◆ **Given records**
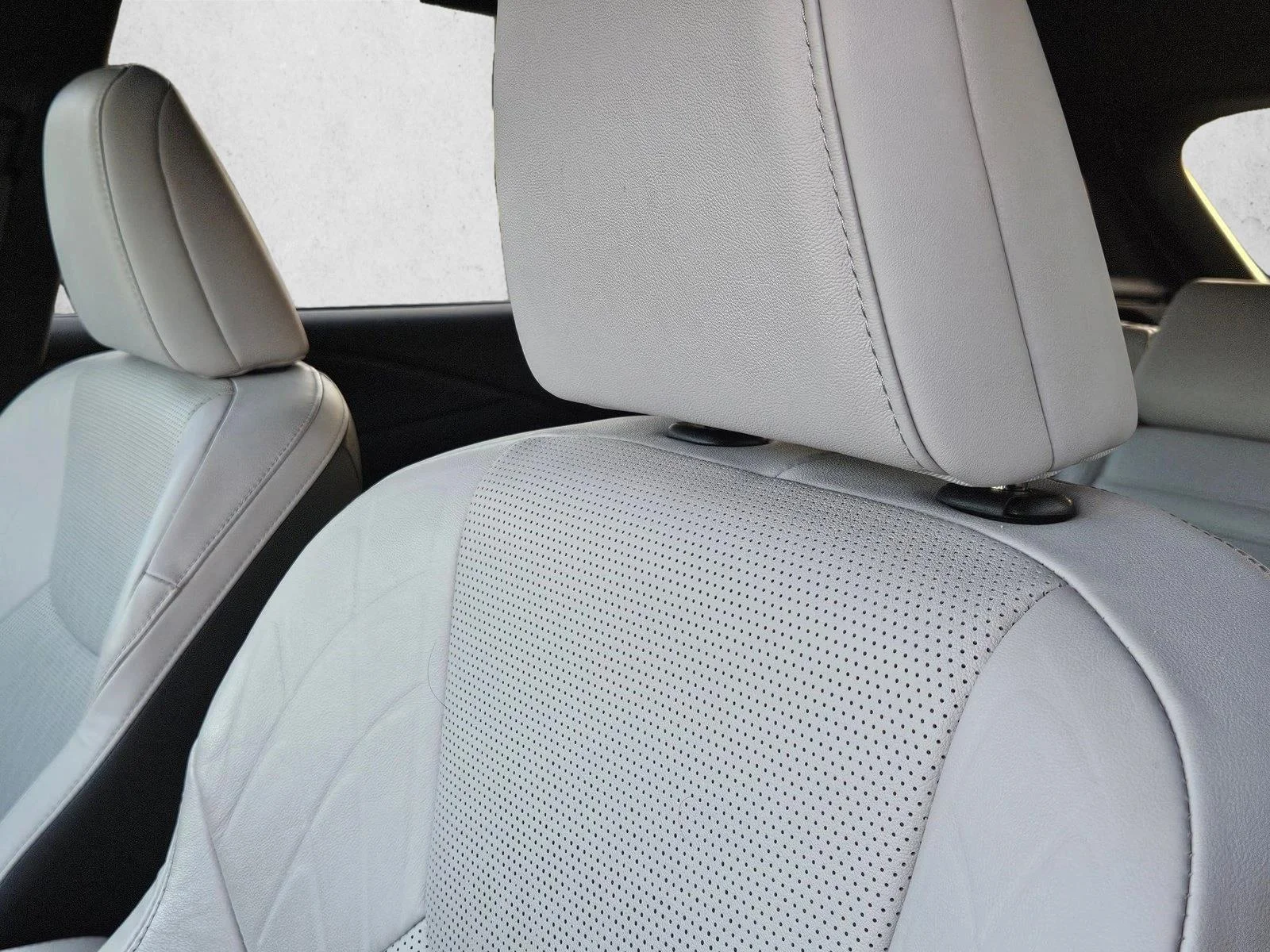 Certified Used 2024 Eminent White Pearl Lexus RX 350 Premium Plus image 12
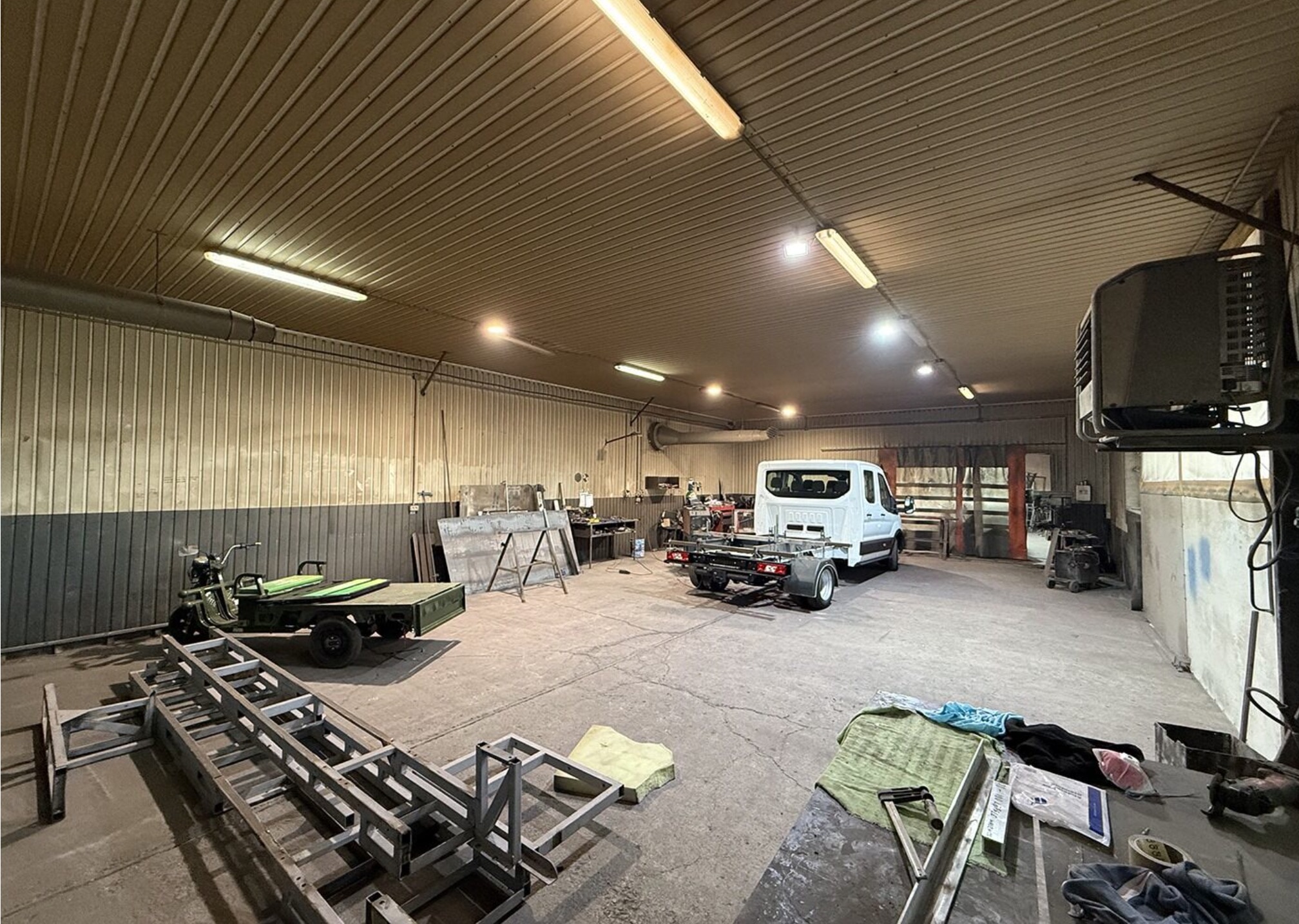 7_Hala de productie / depozitare / Service / Logistica - Calea Borsului - 2 200 000 €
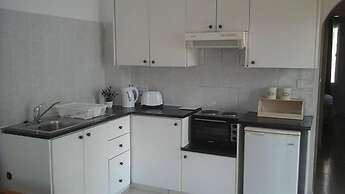 Kozis Hotel Apts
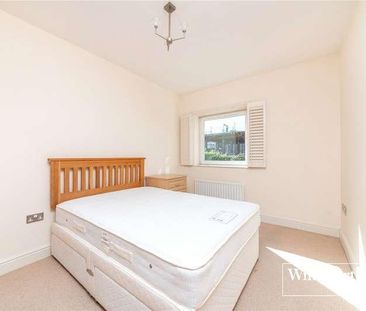 Hartnell Court, Ballards Lane, London, N3 - Photo 3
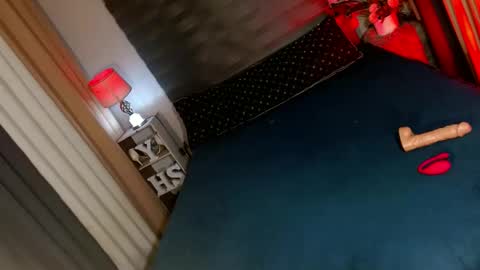 Snapshot of yan2xcumsalotxx chatting on October 28, 2025, 2:15 am REYAN online show from October 28, 2025, 2:15 am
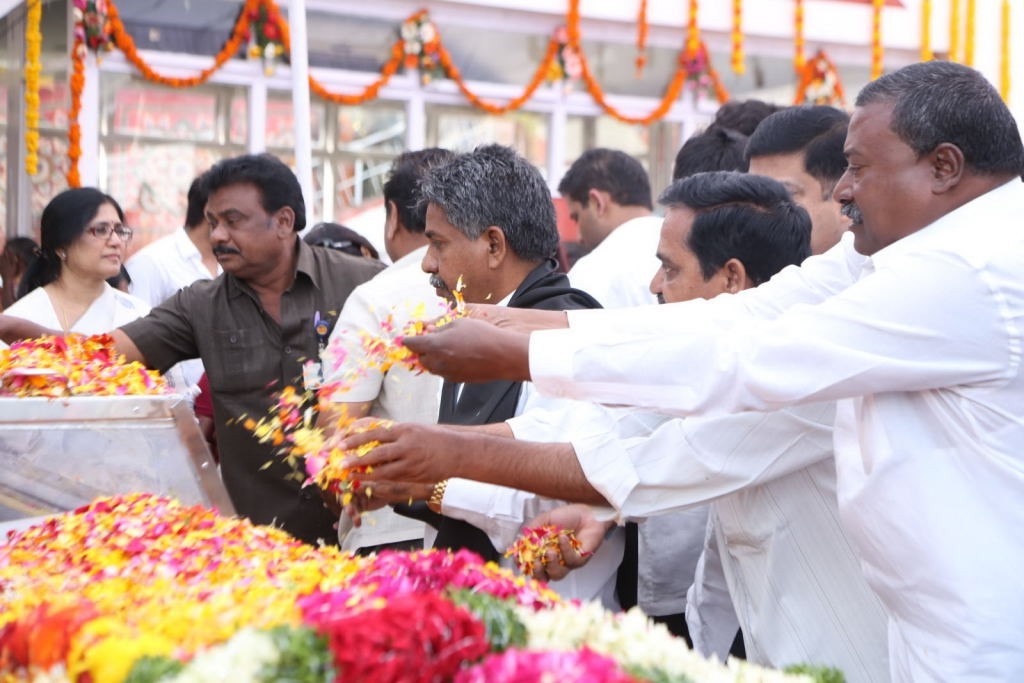 ANR Condolences Photos 09 - 42 / 440 photos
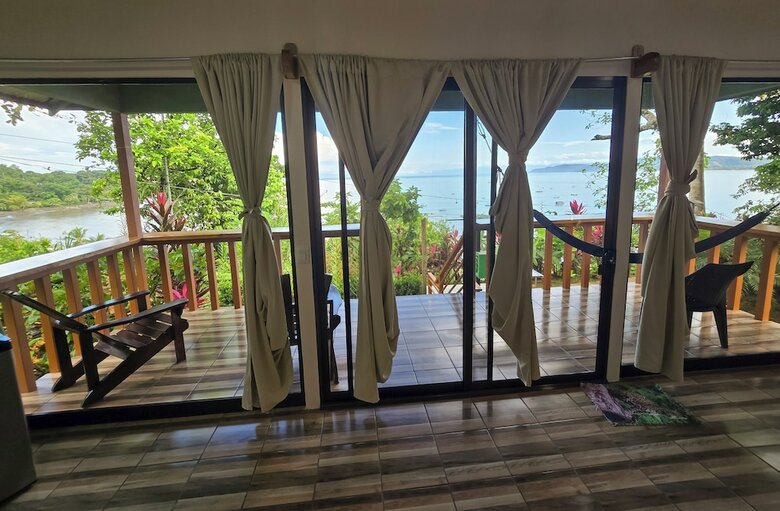 Cotingas Ocean View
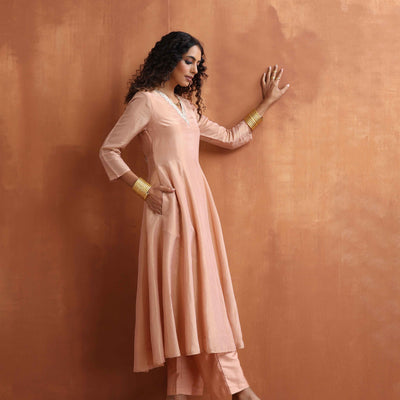 trueBrowns Blush Pink Tissue Flared Anarkali Kurta Set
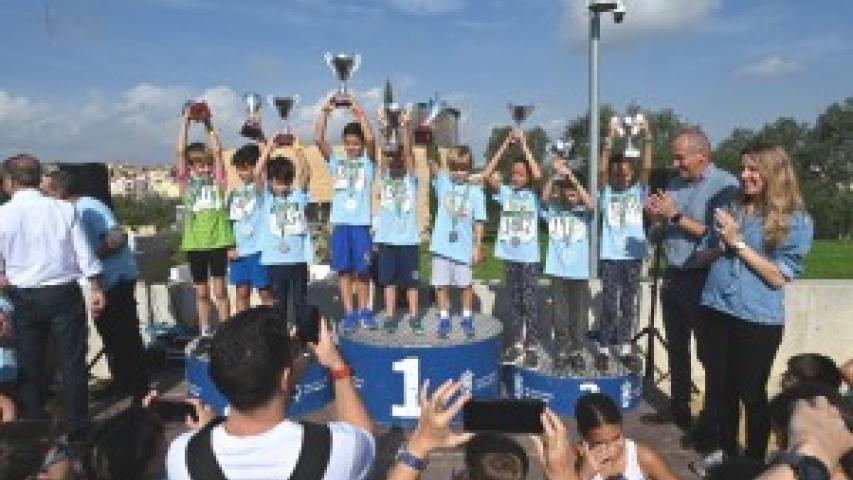 alcalde tomares y concejal deportes entregando premios iii carerra y marchas solidarias a beneficio de manos unidas1 w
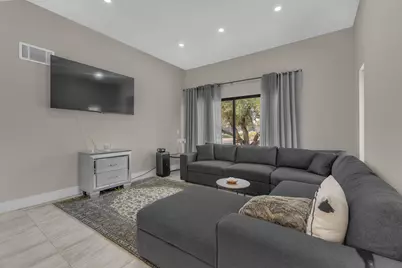 5803 Los Santos Drive #19, Palm Springs, CA 92264 - Photo 2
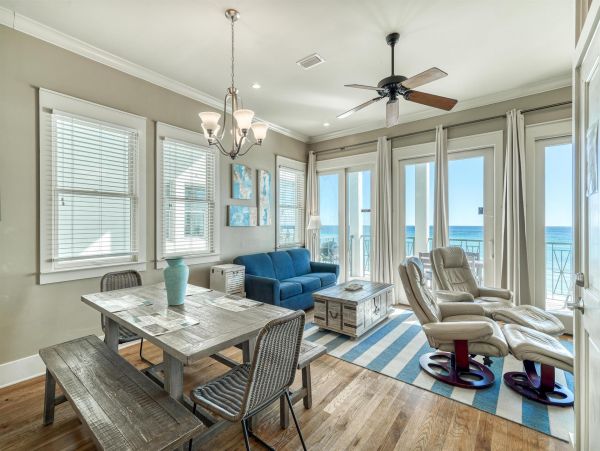 Beachfront Vacation Rental with Private Splash Pool in Miramar Beach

◆ **About this exercise**
Copy, exactly and exclusively, the lines beginning with the one that contains "Kozis Hotel Apts" and ending with the last line of the listing; pictures are to be omitted.

◆ **Exercise solution**
 Kozis Hotel Apts
 Hartnell Court, Ballards Lane, London, N3 - Photo 3
 Snapshot of yan2xcumsalotxx chatting on October 28, 2025, 2:15 am REYAN online show from October 28, 2025, 2:15 am
 ANR Condolences Photos 09 - 42 / 440 photos
 Cotingas Ocean View
 trueBrowns Blush Pink Tissue Flared Anarkali Kurta Set
 alcalde tomares y concejal deportes entregando premios iii carerra y marchas solidarias a beneficio de manos unidas1 w
 5803 Los Santos Drive #19, Palm Springs, CA 92264 - Photo 2
 Beachfront Vacation Rental with Private Splash Pool in Miramar Beach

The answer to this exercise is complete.